===== Recorded data

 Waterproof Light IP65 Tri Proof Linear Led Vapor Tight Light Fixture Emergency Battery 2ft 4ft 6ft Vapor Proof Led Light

==========
===== Recorded data

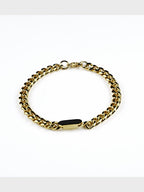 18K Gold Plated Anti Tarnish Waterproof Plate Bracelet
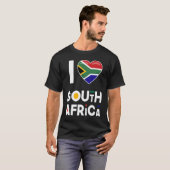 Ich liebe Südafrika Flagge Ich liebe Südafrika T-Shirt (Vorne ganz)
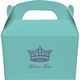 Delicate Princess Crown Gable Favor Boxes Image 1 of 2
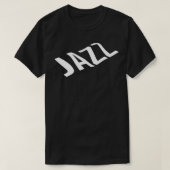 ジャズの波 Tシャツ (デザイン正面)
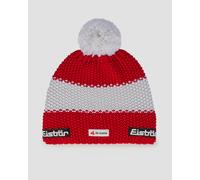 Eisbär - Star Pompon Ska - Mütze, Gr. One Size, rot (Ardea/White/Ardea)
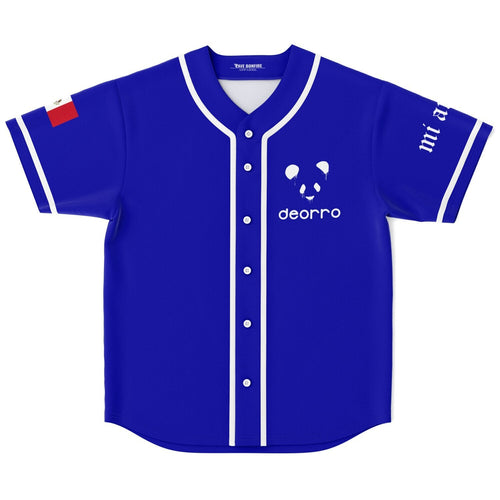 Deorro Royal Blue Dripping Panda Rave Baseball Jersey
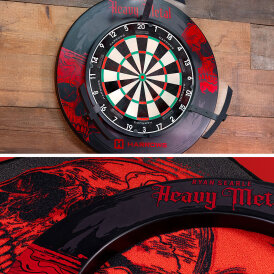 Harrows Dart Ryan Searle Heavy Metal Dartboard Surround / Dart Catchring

==========

Instructions for the task —
Give again, exactly as written above, every line from the one holding "Delicate Princess Crown" to the one holding "Harrows Dart Ryan", with both ends kept and the pictures left out.

Problem solution —
 Delicate Princess Crown Gable Favor Boxes Image 1 of 2
 ジャズの波 Tシャツ (デザイン正面)
 Eisbär - Star Pompon Ska - Mütze, Gr. One Size, rot (Ardea/White/Ardea)
 Deorro Royal Blue Dripping Panda Rave Baseball Jersey
 Harrows Dart Ryan Searle Heavy Metal Dartboard Surround / Dart Catchring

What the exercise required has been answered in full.